The Philippine Atmospheric Geophysical and Astronomical Services Administration (Pagasa) has its huge multistory Doppler radar station in the middle of the poblacion—a reminder to the people that they are in the path of weather disturbances.
In 2011, Tropical Storm “Sendong” made landfall in the town and killed at least 1,300 people across Mindanao.
Like the rest of the country, the residents of Hinatuan, most especially the fisherfolk and farmers, have found it hard to bounce back and regain their losses after a disaster.
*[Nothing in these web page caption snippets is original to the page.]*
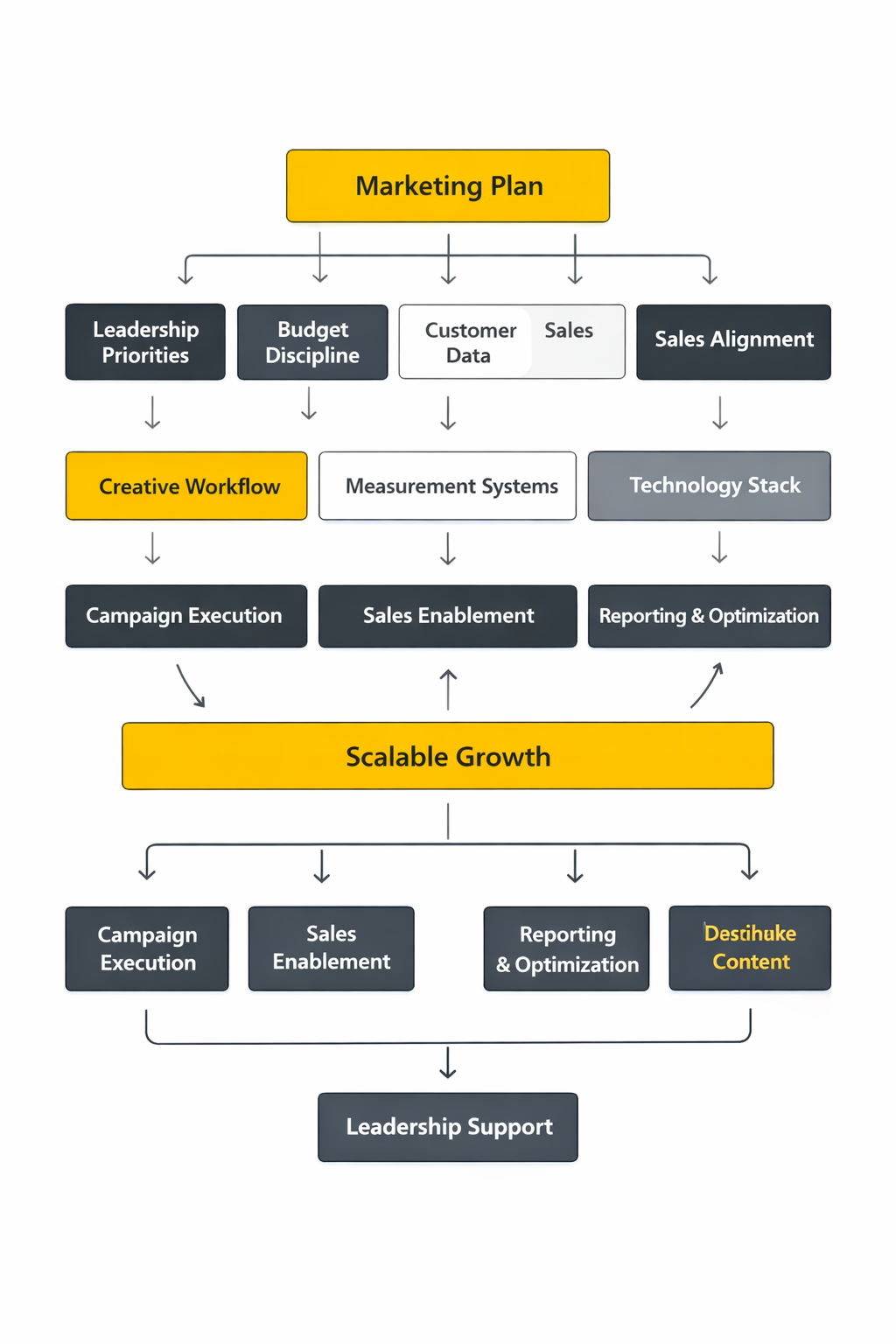 marketing plan analytics dashboard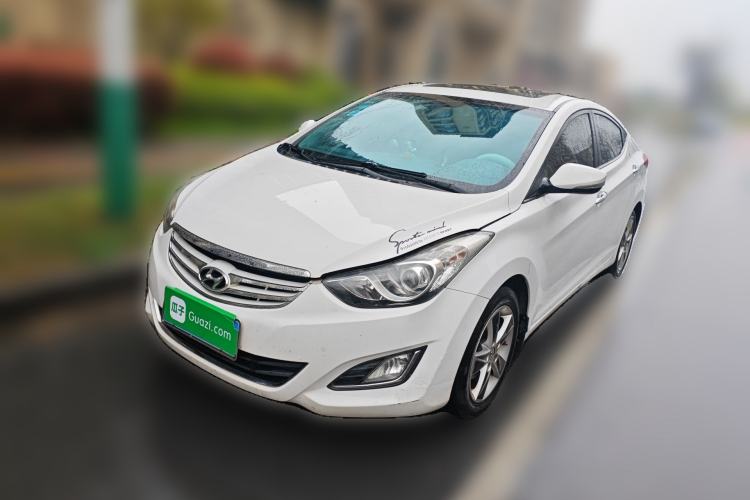 Used Hyundai Elantra (5th Generation / Langdong) 2012 1.6L Manual Leading Model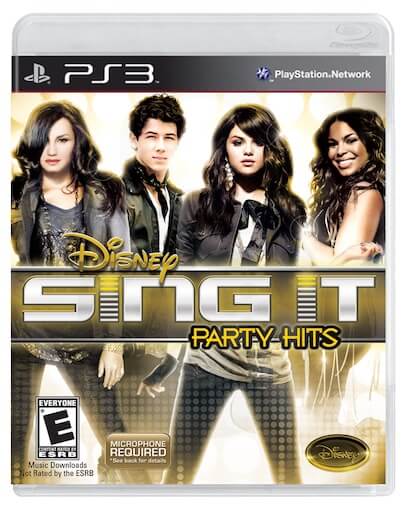 Disney Sing It Party Hits (PS3) - rabljeno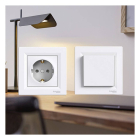 Schneider Electric Schakelaar | Schneider Electric | Asfora (Inbouw, 2-polig, Wit) 01.038.04 K180107695 - 8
The damage brought by a recent disaster only worsens losses from the previous one, they say.
Last year, however, Hinatuan received national recognition when it was awarded the Gawad Kalasag Search for Excellence on Disaster Risk Reduction and Management and Humanitarian Assistance for the municipal category. One of its villages, San Juan, won the award for the barangay category.
The double recognition is the fruit of a more conscious community and unified efforts to make Hinatuan a safe place to live in.
Along the coastlines, simple water gauges have been mounted to serve as guides for fishermen. “Once the water level reaches the red mark, it will be like committing suicide to go out to sea. We are now conscious of regularly monitoring the gauges before sailing,” one of the fishermen said.
Information bulletin boards and signage are all over town. In every village, signs showing instructions for evacuation and the direction of the nearest temporary shelter are visible.
And in almost every corner are posters bearing the mobile numbers of the Municipal Disaster Risk Reduction and Management Office, as well as the police and fire stations.
Emergency drills are held regularly, with the local government unit even sponsoring a contest to motivate the villages to be more serious in disaster risk reduction.
Peoples’ organizations had also played a huge role in the climate change adaptation campaign, according to Elenette Nalam, a barangay health worker of San Juan.
“One of the most important contributions of local peoples’ organizations is the implementation of projects and campaigns that will prevent destruction in our communities during disasters. We want to minimize or even achieve zero casualties,” Nalam said.
A fisherfolk organization in San Juan, which is under Nagkaisang Mangingisda ng Hinatuan Federation, is leading efforts to reforest and protect a long stretch of mangrove trees in the area. It is also regulating fishing activities in the mangrove forest.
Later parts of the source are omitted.